| Your assignment |
Where the line containing "Camisas Footjoy Lisle" appears in the entries below, start there and print only that line and every line after it, exactly, through the end, excluding pictures.

| Records for the task |
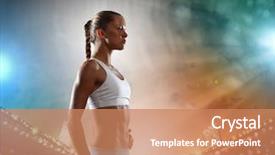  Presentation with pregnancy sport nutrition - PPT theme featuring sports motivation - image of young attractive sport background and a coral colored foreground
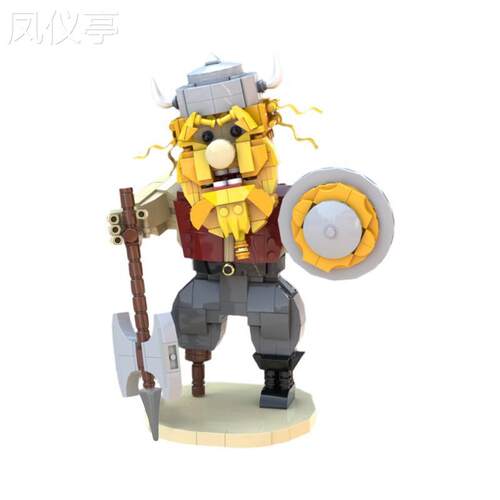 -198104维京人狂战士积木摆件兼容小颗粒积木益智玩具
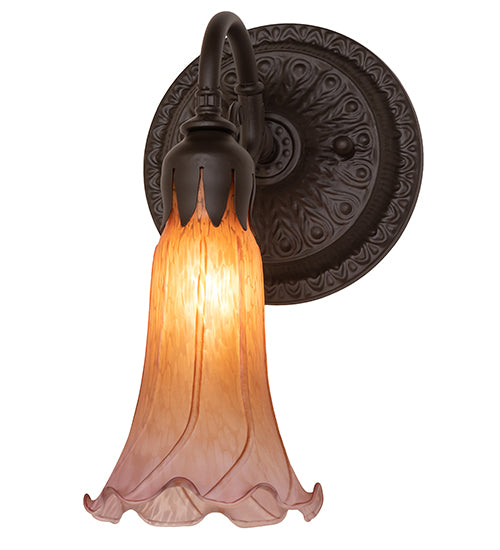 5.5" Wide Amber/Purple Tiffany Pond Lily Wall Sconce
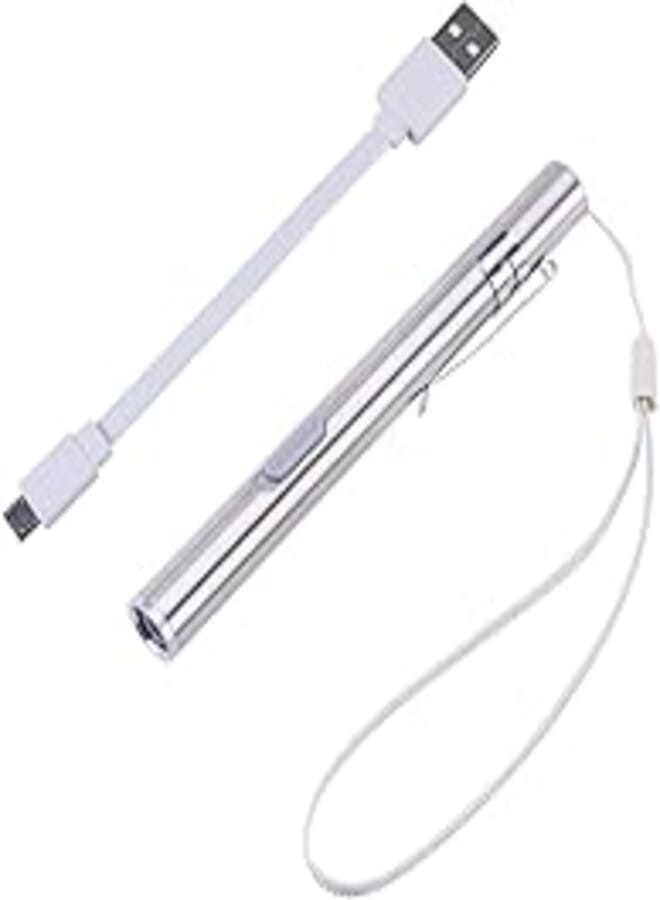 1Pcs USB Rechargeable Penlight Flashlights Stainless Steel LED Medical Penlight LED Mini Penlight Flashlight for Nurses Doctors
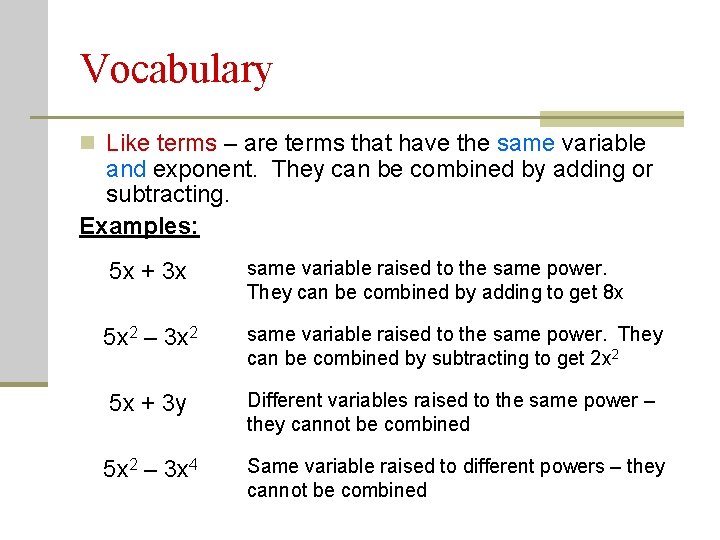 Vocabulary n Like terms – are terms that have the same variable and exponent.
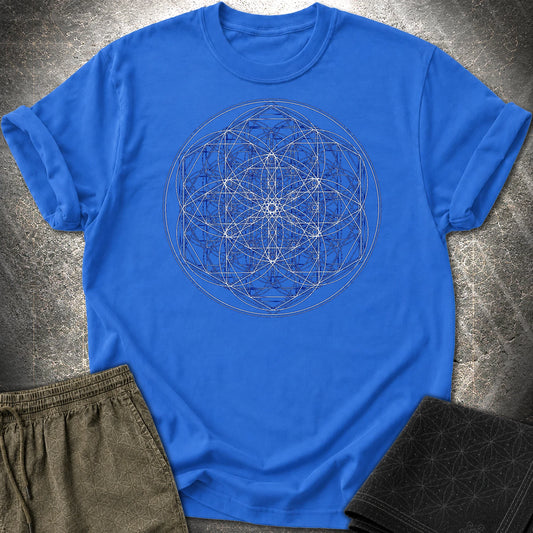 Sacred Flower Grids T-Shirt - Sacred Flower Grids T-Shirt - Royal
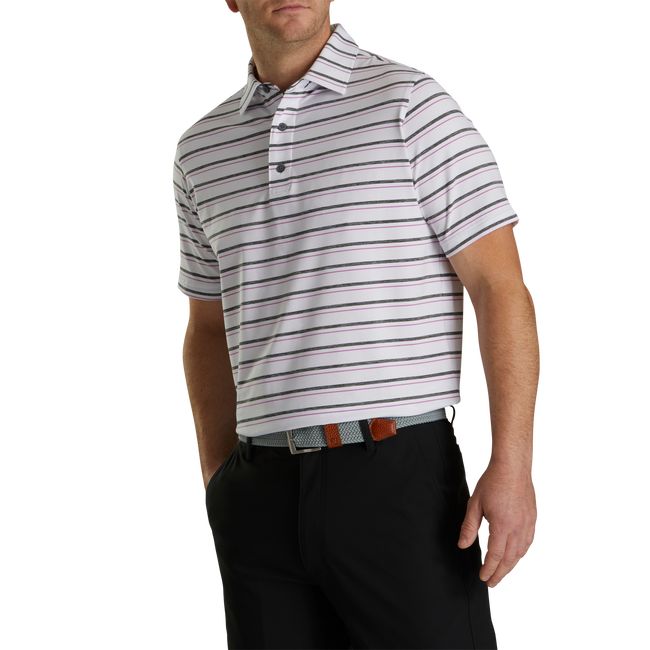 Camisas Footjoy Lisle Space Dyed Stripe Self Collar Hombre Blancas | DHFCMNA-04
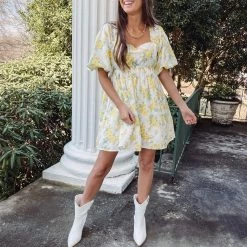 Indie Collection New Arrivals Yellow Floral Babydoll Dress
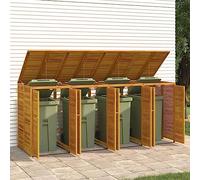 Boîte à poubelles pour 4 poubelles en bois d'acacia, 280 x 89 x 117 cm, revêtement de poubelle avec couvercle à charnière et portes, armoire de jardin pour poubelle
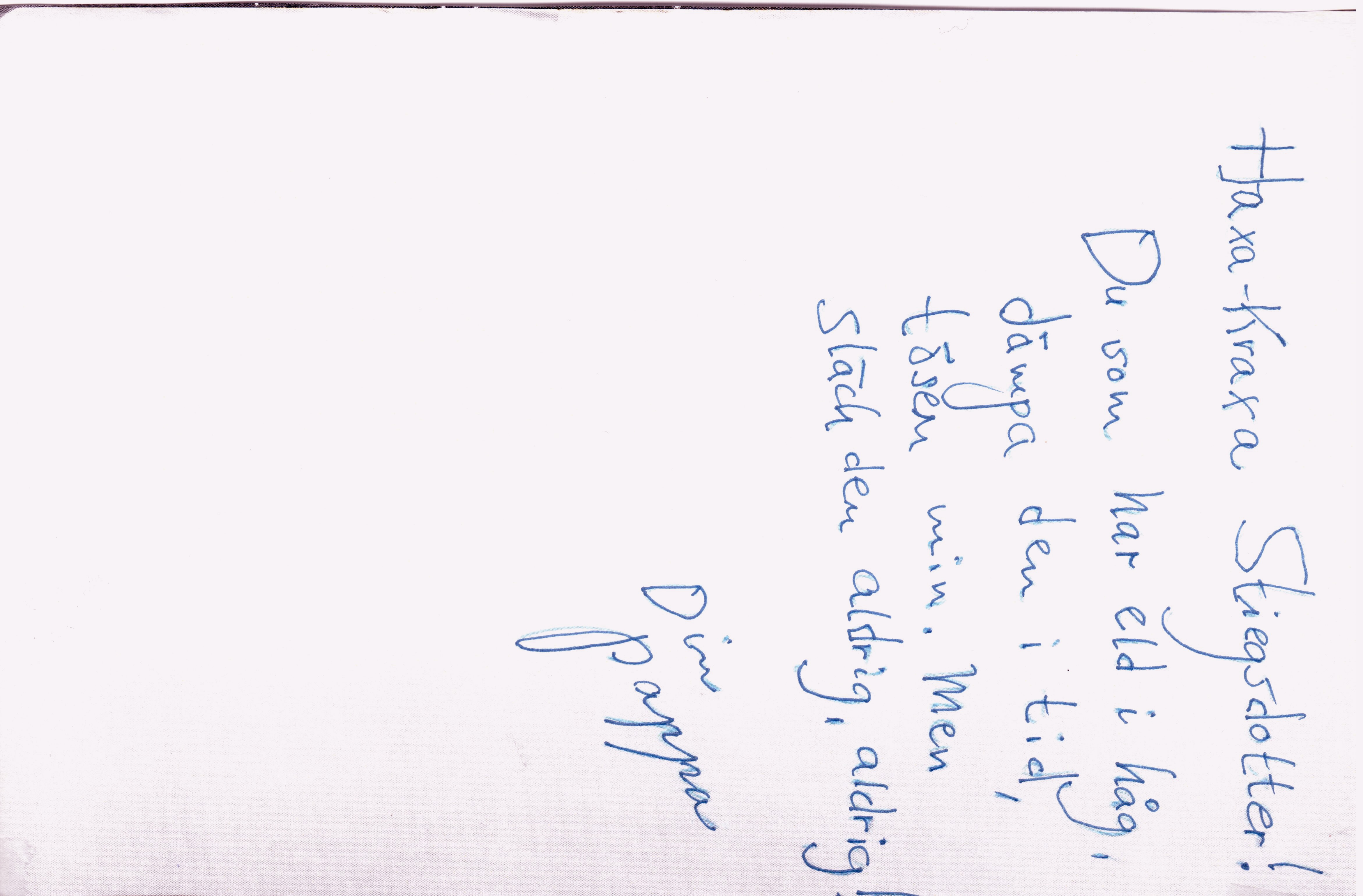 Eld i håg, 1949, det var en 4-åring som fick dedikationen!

| Your solution |
 Camisas Footjoy Lisle Space Dyed Stripe Self Collar Hombre Blancas | DHFCMNA-04
 Indie Collection New Arrivals Yellow Floral Babydoll Dress
 Boîte à poubelles pour 4 poubelles en bois d'acacia, 280 x 89 x 117 cm, revêtement de poubelle avec couvercle à charnière et portes, armoire de jardin pour poubelle
 Eld i håg, 1949, det var en 4-åring som fick dedikationen!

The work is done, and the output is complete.